My Review: This is not the genre I normally read, but after reading a review on a blog I follow I picked it up. It is a fantasy/fairytale/historical story all rolled together. Medieval Russia, Rus, in the fourteenth century is the setting. The people living in the villages are Christian with a healthy belief in protective spirits or demons. There is also a belief in some of the more powerful spirits like Morozko, the Russian Jack Frost, a winter demon who can be kind or cruel, and his brother, the Bear, who feeds on fear to become more powerful.

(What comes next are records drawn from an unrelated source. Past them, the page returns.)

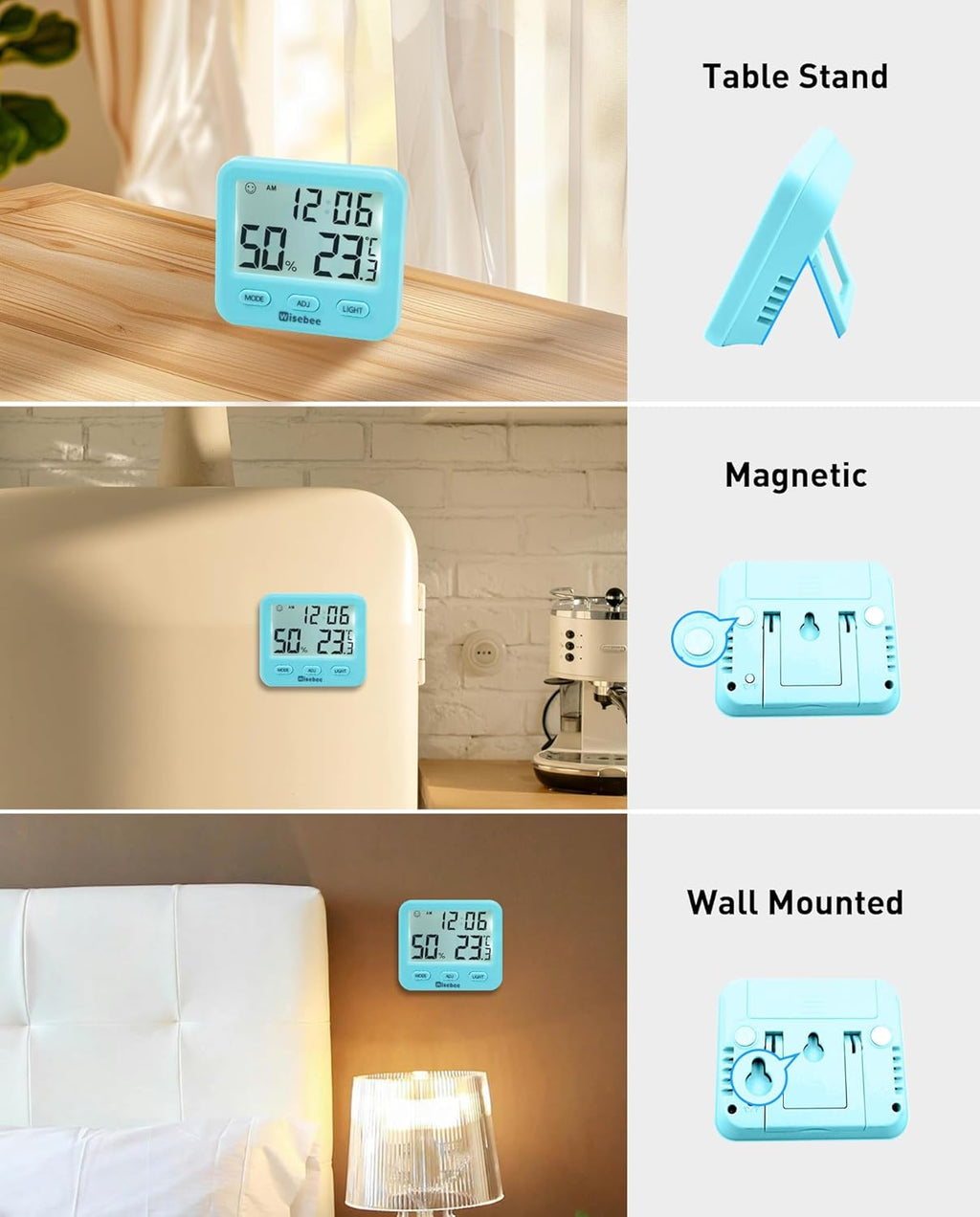Wisebee Digital Indoor Hygrometer Thermometer, 2.9" Backlit Temperature Humidity Sensor Monitor for Baby Rooms, Home, Office, 1 Pack (Blue)
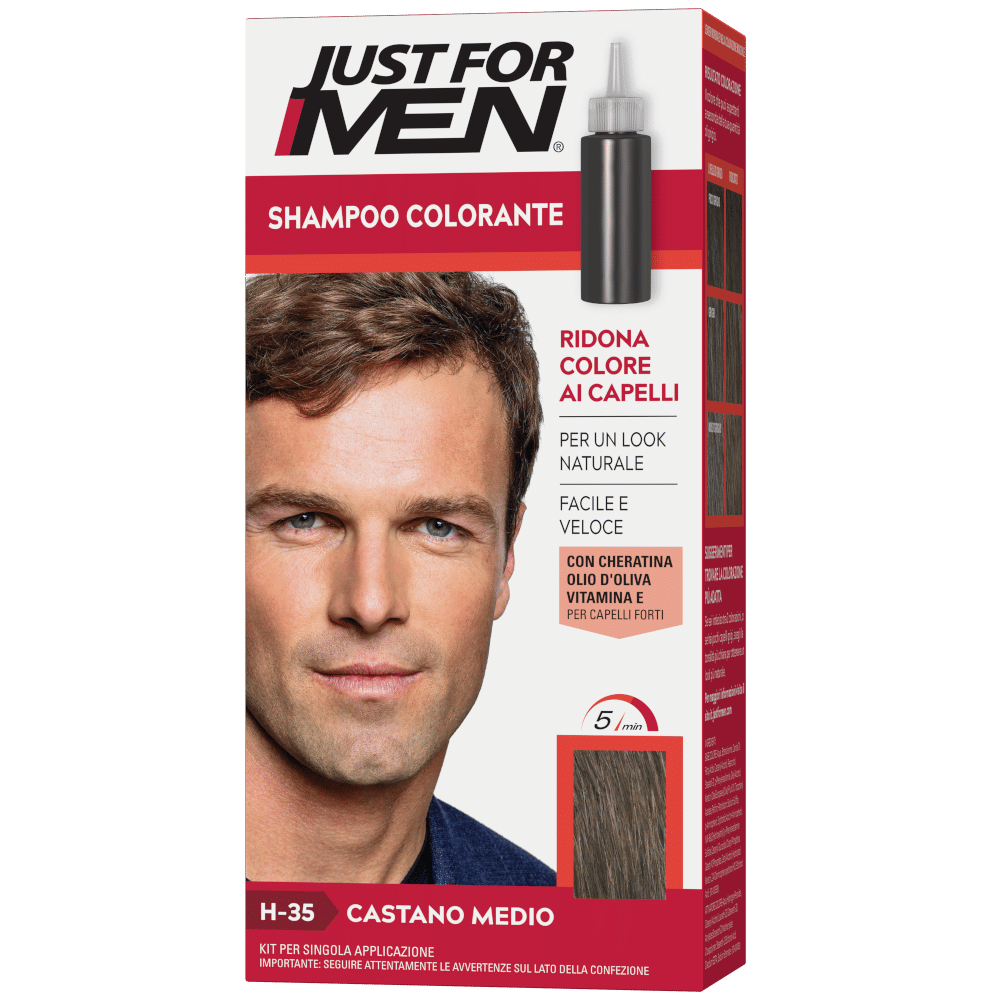 JUST FOR MEN SHAMPOO COLORANTE H35 CASTANO MEDIO ATTIVATORE CHIARO 38,5 ML + BASE COLORE 27,5 ML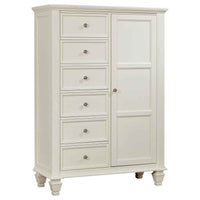 Sandy Beach 8-drawer Door Chest Cream White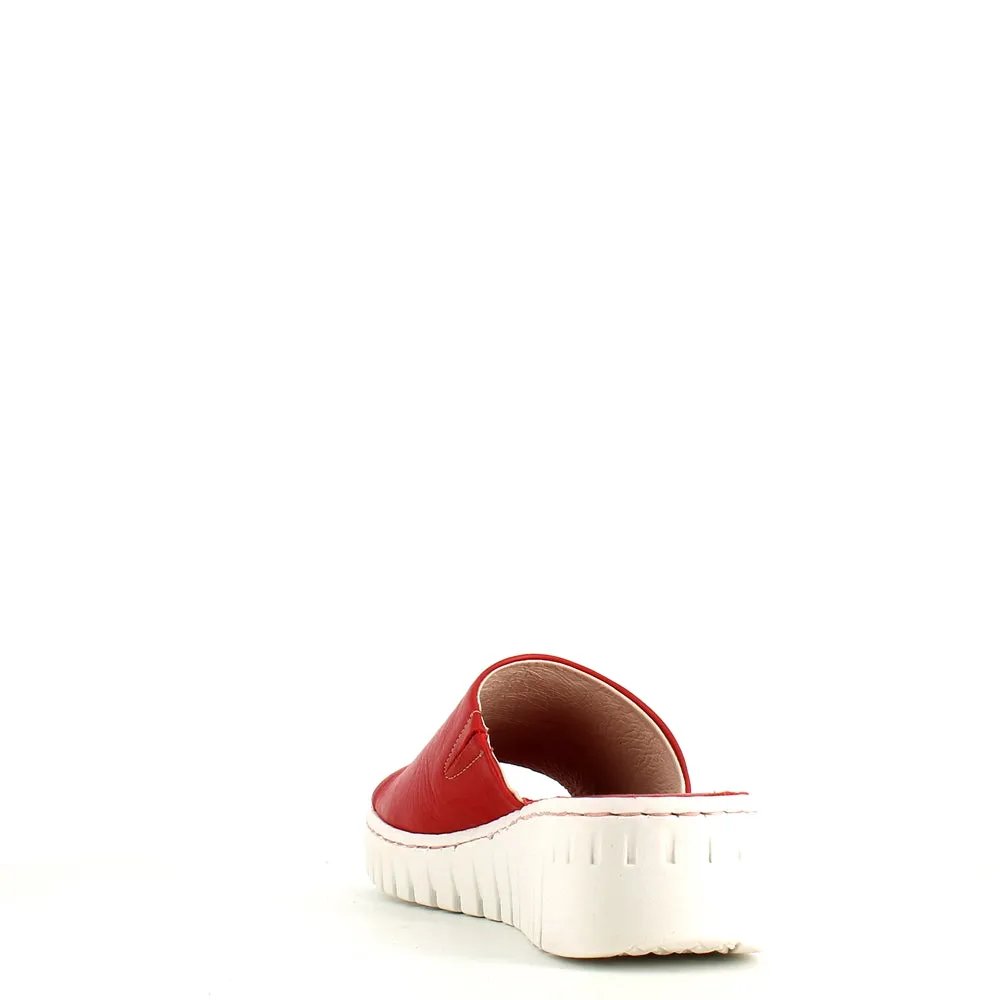 Rizzoli Wedge Slide Red Leather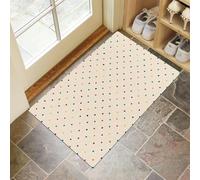Door Mat for Indoor, Elegant Polka Dot Doormat Indoor Entry, Rainbow Polka Dots Washable Rug for Kitchen and Hallway, 50x80 cm Non-Slip Rubber Welcome Mat for Front Door Beige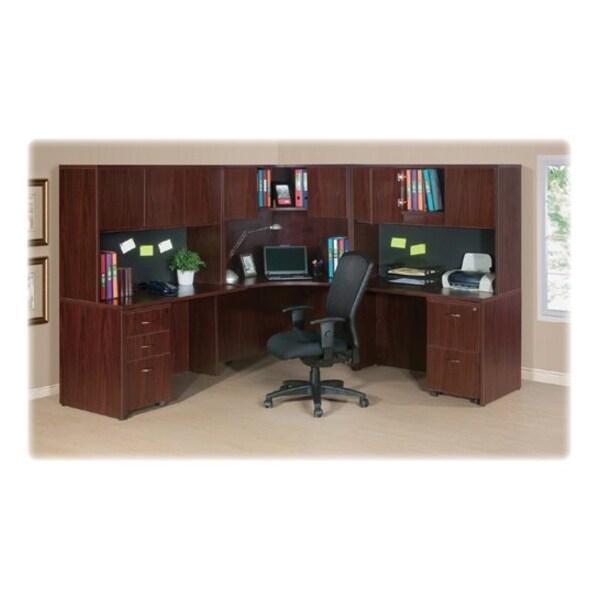 Lorell 15-1/2" W Lorell Contemporary Furniture, Laminate, Mahogany (Cabinet), Silver (Handle) - LLR69605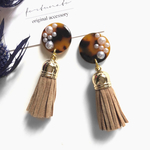 べっ甲タッセルパールピアス/イヤリング 秋 冬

Vasilisa, (Vasya) is the fifth and last child of Pyotr Petrovich, a wealthy landowner, and his wife, Marina, She dies in childbirth, but not until she gets a promise from her husband to take care of her daughter who is her likeness and has her skills. From the beginning the girl is different, running wild and free, to the frustration of her nursemaid and surrogate mother, Dunya. Pyotr eventually remarries Anna, the daughter of a Rus prince. She sends a message to Moscow that they need a priest as the old one had died. When a priest Konstantine, comes unwillingly to the village, he decides the people and their old ways and beliefs are an affront to God. He makes them stop leaving food for the spirits and he stirs up things that should have been left alone. She is a young woman who can see what most cannot and who can speak to those most do not. When she begins to ride the wildest horses and seems to see demons and spirits, she is thought a witch by the villagers. Her father believes that she needs to marry or go to a convent to protect her. Vasya will eventually have to save her village and put her own life in danger.
This was a story that was so beautifully written. The imagery and descriptions of the characters allowed you to see the places and the creatures. The Russian folklore and mythology was easy to understand even if not exact. I loved watching the interactions of Vasya and her siblings as well as her father. The priest was easy to hate and it was hard to see why Vasya kept saving him. I could feel the cold, the misery and the confusion of the villagers and family as the story progressed. The description of the home where Vasya and her family lived with the stove they slept on and the chapel they could sneak in and out of made me feel like I was there. The author never loses sight of the main narrative despite all the strange happenings and I found that amazing. The creatures and characters just added to the story. I recommend this story to anyone as it was not something I would have picked up and as I said earlier, I really enjoyed it.